• [Exercise goal]: The records that follow must be repeated exactly, minus the images.

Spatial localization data
%%

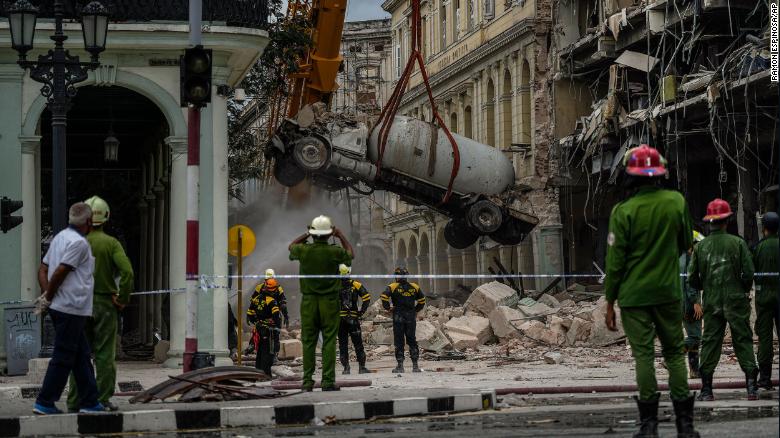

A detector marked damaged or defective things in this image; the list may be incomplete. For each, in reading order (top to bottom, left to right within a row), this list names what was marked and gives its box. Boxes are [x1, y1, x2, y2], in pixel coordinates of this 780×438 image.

damaged building [552, 0, 776, 272]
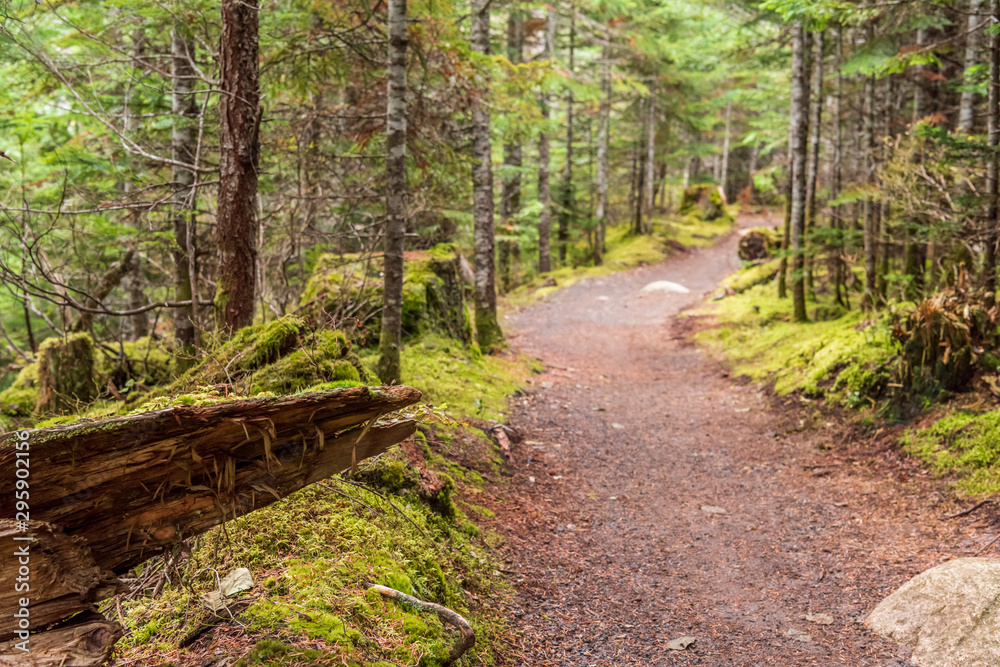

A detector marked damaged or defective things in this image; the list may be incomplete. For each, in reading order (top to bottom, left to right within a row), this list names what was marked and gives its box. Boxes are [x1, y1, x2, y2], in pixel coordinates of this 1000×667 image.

splintered wood [0, 386, 420, 667]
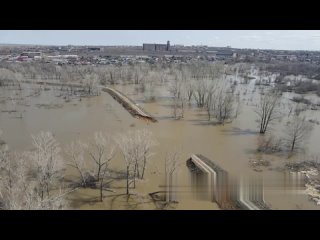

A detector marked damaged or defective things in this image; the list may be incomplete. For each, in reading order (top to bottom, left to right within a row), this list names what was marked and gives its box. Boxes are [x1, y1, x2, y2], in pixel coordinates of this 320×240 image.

broken bridge section [102, 86, 158, 123]
broken bridge section [188, 155, 270, 209]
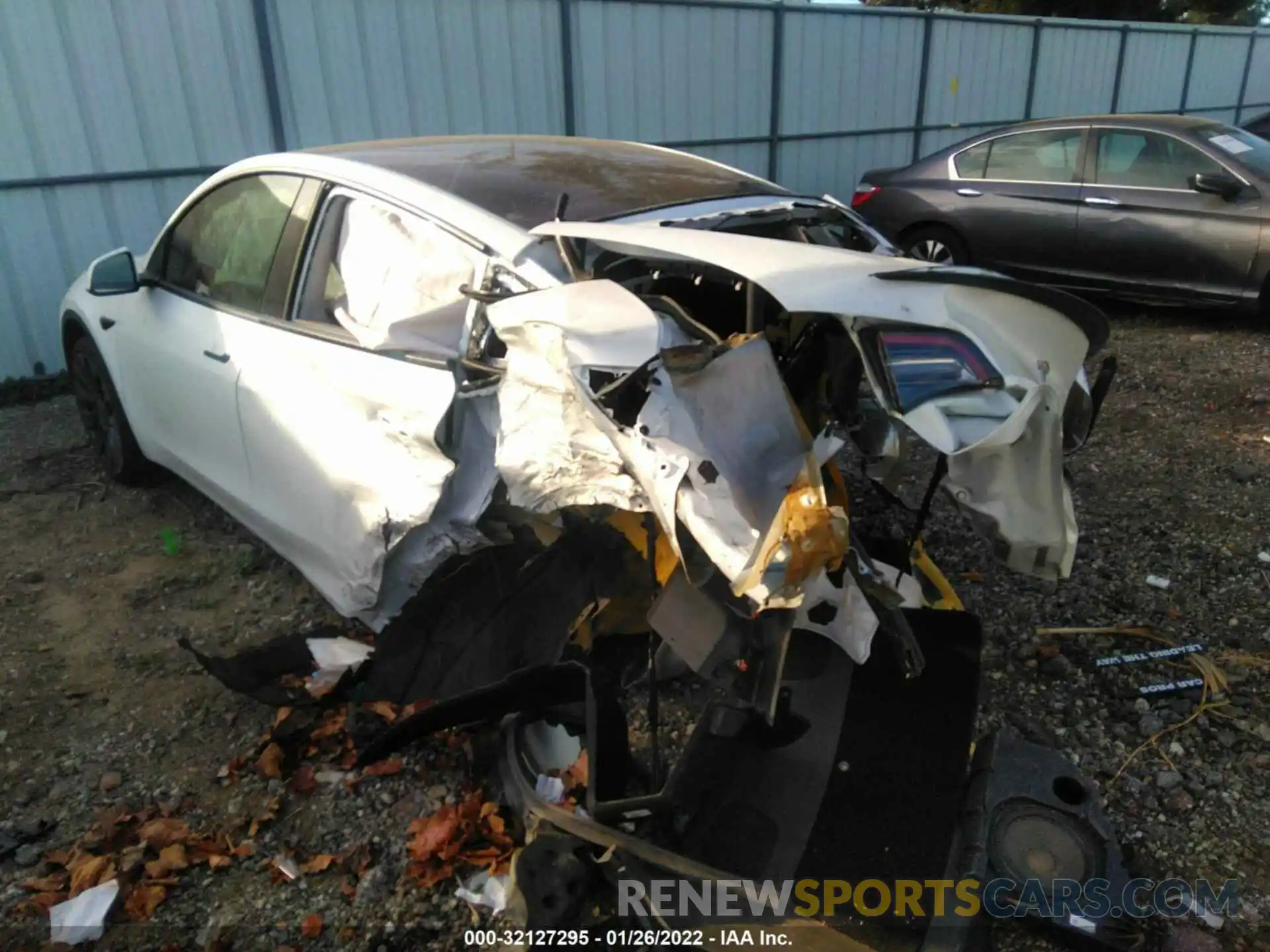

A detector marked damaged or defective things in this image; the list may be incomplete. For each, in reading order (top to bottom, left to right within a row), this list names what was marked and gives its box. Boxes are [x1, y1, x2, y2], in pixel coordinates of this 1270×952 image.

white wrecked car [60, 139, 1112, 680]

%%

• [Answer section]:
A detector marked damaged or defective things in this image; the list may be incomplete. For each, in reading order (top to bottom, left to right within a row), this list names what was marked and gives its box. Boxes are [x1, y1, x2, y2], in pixel coordinates of this 780×438 image.

damaged building [552, 0, 776, 272]

A detector marked damaged or defective things in this image; the list may be incomplete. For each, in reading order (top to bottom, left to right within a row), this list names what was marked and gives its box. Boxes are [x1, y1, x2, y2], in pixel coordinates of this 1000×667 image.

splintered wood [0, 386, 420, 667]

A detector marked damaged or defective things in this image; the list may be incomplete. For each, in reading order (top to bottom, left to right within a row), this list names what was marked and gives its box. Boxes are [x1, y1, x2, y2], in pixel coordinates of this 320×240 image.

broken bridge section [102, 86, 158, 123]
broken bridge section [188, 155, 270, 209]

A detector marked damaged or defective things in this image; the list may be incomplete. For each, in reading order (top to bottom, left to right within a row), this list names what was marked and gives its box. Boxes are [x1, y1, x2, y2], in pixel coordinates of this 1270×952 image.

white wrecked car [60, 139, 1112, 680]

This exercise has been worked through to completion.